One time, around 1943, he had been back for 2 weeks and that summer for a rare moment, we were all a family again. We’d play in the fields behind the house, with a large coalbing overlooking our tenement. Despite the war and hardships, it was a happy time and something ingrained in my early memory.
I was around 4 years old that Autumn. My father before he left, crouched down on his knees, to my eye level and said something along the lines of , “be a good girl for your mummy. Go to church and pray every sunday and I promise, I’ll be back as quick as I can. The tears rolled down my face as he left, with me begging him not to go.”
Our family attended Stonefield Parish Church, an impressive building on Glasgow Road. It was a short walk in our Sunday best each weekend. It was always busy in those hard years, but as a child, I had no interest in dry sermons or prolonged preaching. All I wanted to do the whole time in Church was close my eyes and pray! Pray for my daddy to return home safe. Pray that he would be ok. Pray that he would walk through the door tomorrow. Sometimes I’d pray outside Church too.”
I had no idea as a child that my father would be away for 5 months that year and each day I lived in hope. Each Sunday, I’d pray harder, even when the minister wasn’t praying. Christmas and New Year came and went. We got letters and a gift, but no daddy.
Surprise!
Then out the blue, on a cold winters evening, a chap at the door. Our dog raced to the front door as he always did and when my mother opened it, there was daddy! Back! It was January 1944 and my praying had clearly worked! He was home to see us all.

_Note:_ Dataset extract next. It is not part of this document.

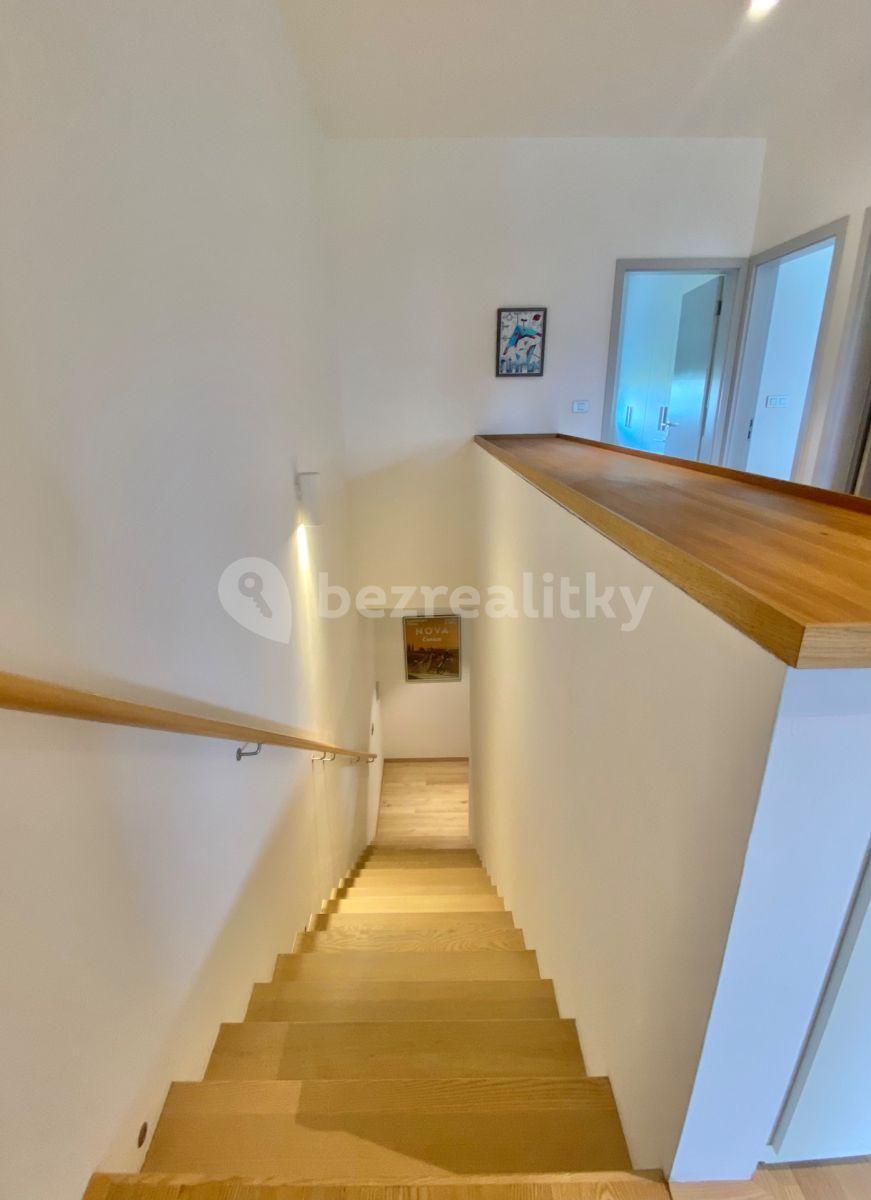 3 bedroom with open-plan kitchen flat for sale, 133 m², Běžecká, Prague, Prague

Father did have to leave again of course, but the war turned that year, a growing optimism for many people, but never my mother. She was always worried. As for me? Well I prayed some more at Church each Sunday and took delight when daddy finally came home and announced he would be staying. After his demob, as a family we decided to move from Blantyre to Australia in the 1950’s and carve out a new, happy life there. I have my own family here now, my handsome father, now long passed.

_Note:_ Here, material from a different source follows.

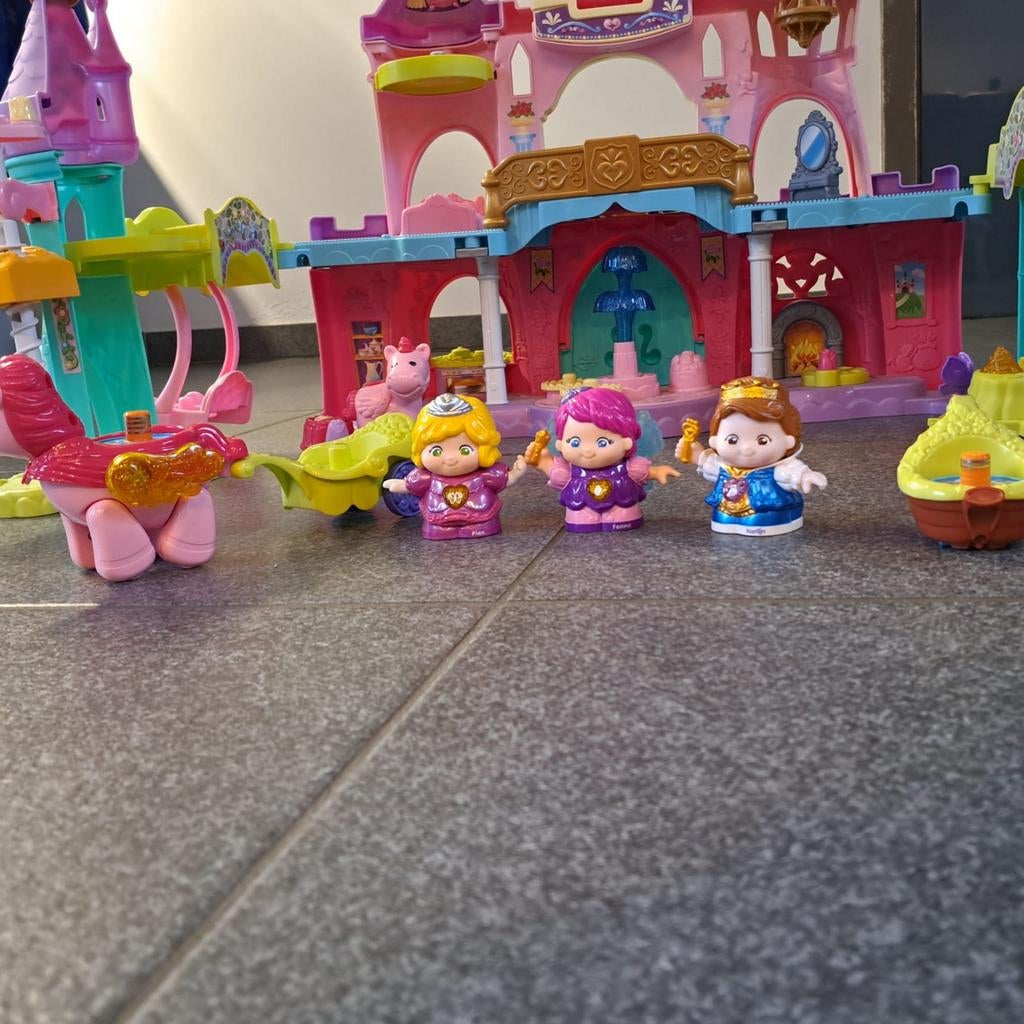 Vtech vriendjeskasteel met allerl attributen, Kinderen en Baby's, Ophalen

As an adult in Australia, when times were trying or difficult, or the family was going through sadness of any sort, I’d revert to praying hard, just like I did as a child, my hands tightly bound together and face screwed up, as if the prayer would be made stronger! I’m now nearly 80 years old and still do that!”

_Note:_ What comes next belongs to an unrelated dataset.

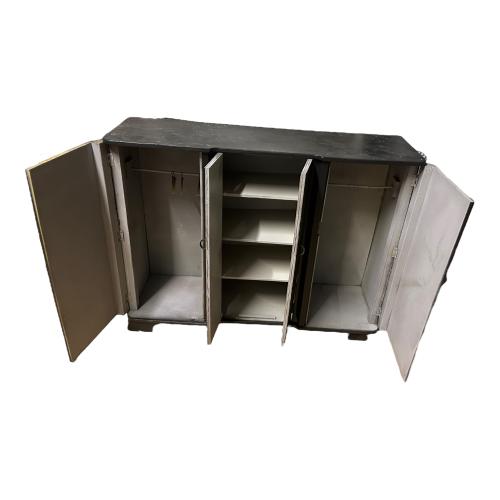Product image of the product “Grosser Kleiderschranck  aus Holz WW2 1/6 ”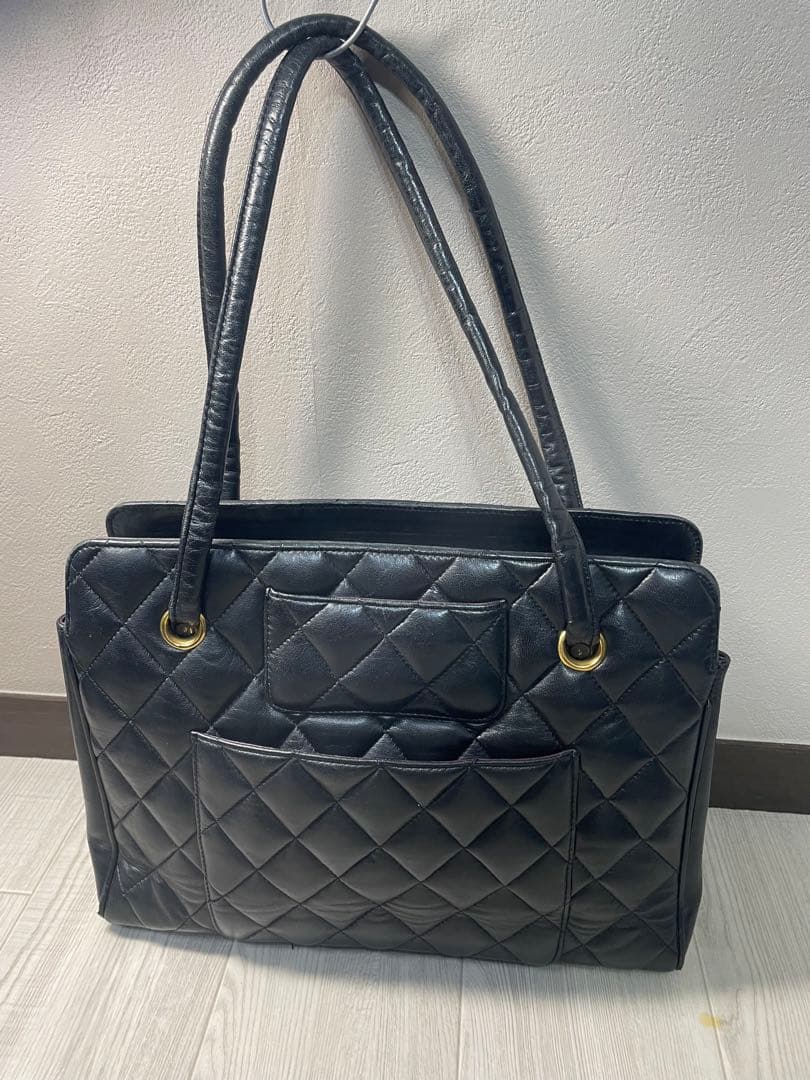 CHANELノベルティ　マトラッセ ココマーク 復刻トートバッグキャビアスキン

Inspired by Lizzie’s story, I decided to illustrate it with a painting.
Here’s how I imagined Lizzie back in those wartime years in Stonefield Church on those church pews. Praying hard for her father’s return. (I loved painting as a teenager and in my 20’s and it was my brother who recently suggested I take it back up again.) This painting, attended to during March and April evenings, whilst I was working away from home, will be carefully wrapped up and sent out Australia, my birthday present for Lizzie on her forthcoming 80th year.
Archie – Paint by numbers is a marvellous thing! 😉 I’ve not painted for several decades. This was the first time i picked up a paint brush in all that time, so i did have to be “eased” into it! lol. My family are always on about me starting to paint again so this was a way of building up confidence again and still took a long time. I got it for Christmas a couple of years ago and it lay in the cupboard unboxed so when this story was emailed to me, I remembered the picture and it just fitted perfectly. Being up here in Stonehaven especially those darker nights and with my book finished, also gave me something to do. I wanted to give the lady something that would make her smile and for her family in taking time to contribute to the site. I like landscapes, but painting people can be difficult.
I painted on holiday in Tiree in July, with the fields behind the cottage, which was a return to blank canvas. However, the weather had been so dry that all the usual summer greenery was more brown and orange and not representative of the usual Tiree summers. One day, i’ll dig out my ‘real’ previous compositions and landscape paintings in the loft and send you them through…..I think i have one of David Livingstone Centre somewhere. I’d love to be able to illustrate some scenes around Blantyre in due course within my books. When i’m a little more confident again, I will post on the page. All the best,
I am a completely irreligous person but this story and incredible painting brought a tear to my eye.
Best wishes “Lizzie” and congratulations Paul on this touching and talented rendering.